:: PROBLEM ::
Take the lines from the one with "Thank you viewers." through the end of the material below and repeat them exactly, dropping every picture.

:: DATA SHOWN ::
========================

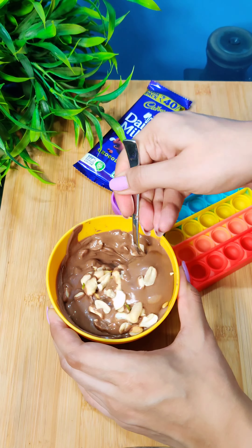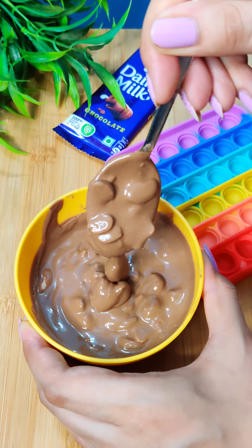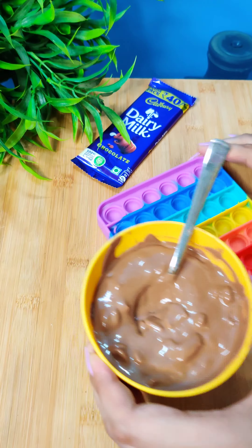But we are not going to make normal Dairy Milk — we are going to make fruit and nut Dairy Milk. We have added nuts: whatever you like — almond, cashew, pistachio, etc. We have added all of it in the pop-it and tapped it in.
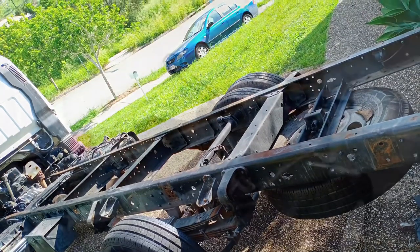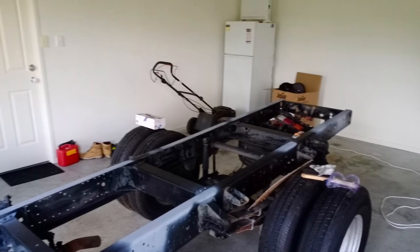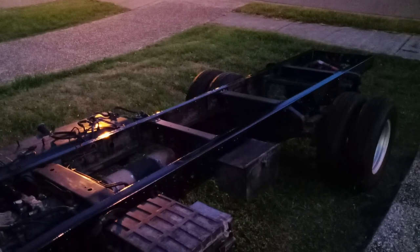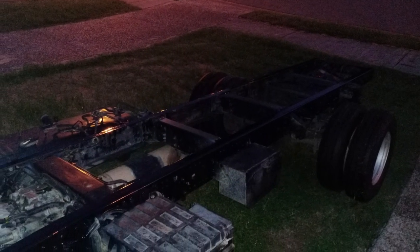Now I'm going to prime it and then paint it. You will see here as we're priming it and then throwing a bit of black on it, and it looks great. We're on our way to build a food truck finally.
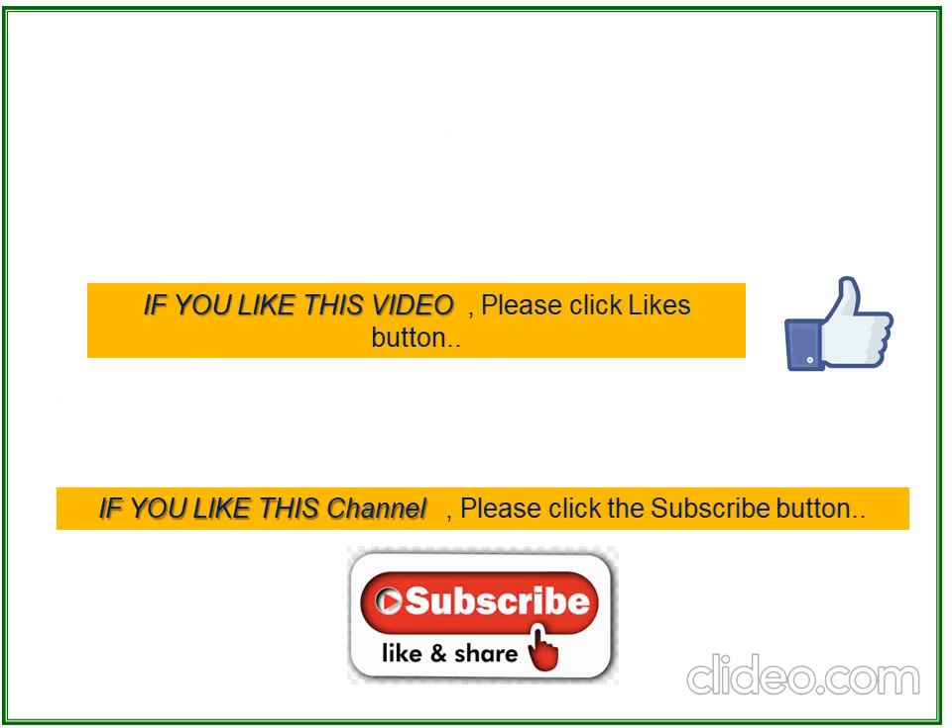Thank you viewers. If you like this video, please click the like button. If you like this channel, please click the subscribe button. Thanks.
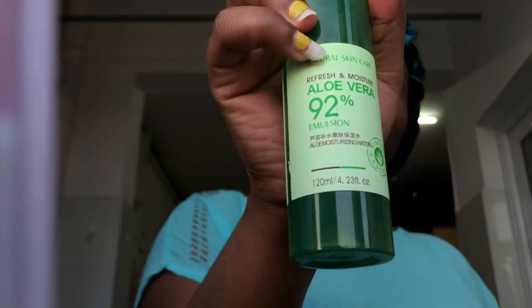After applying the toner I do not rinse it off — I just leave it on my skin to work. That's how the skin is looking after using the toner. Next I use aloe vera moisturizing water to moisturize my skin, applying it the same way I did the toner.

========================

:: ANSWER SPACE ::
Thank you viewers. If you like this video, please click the like button. If you like this channel, please click the subscribe button. Thanks.
After applying the toner I do not rinse it off — I just leave it on my skin to work. That's how the skin is looking after using the toner. Next I use aloe vera moisturizing water to moisturize my skin, applying it the same way I did the toner.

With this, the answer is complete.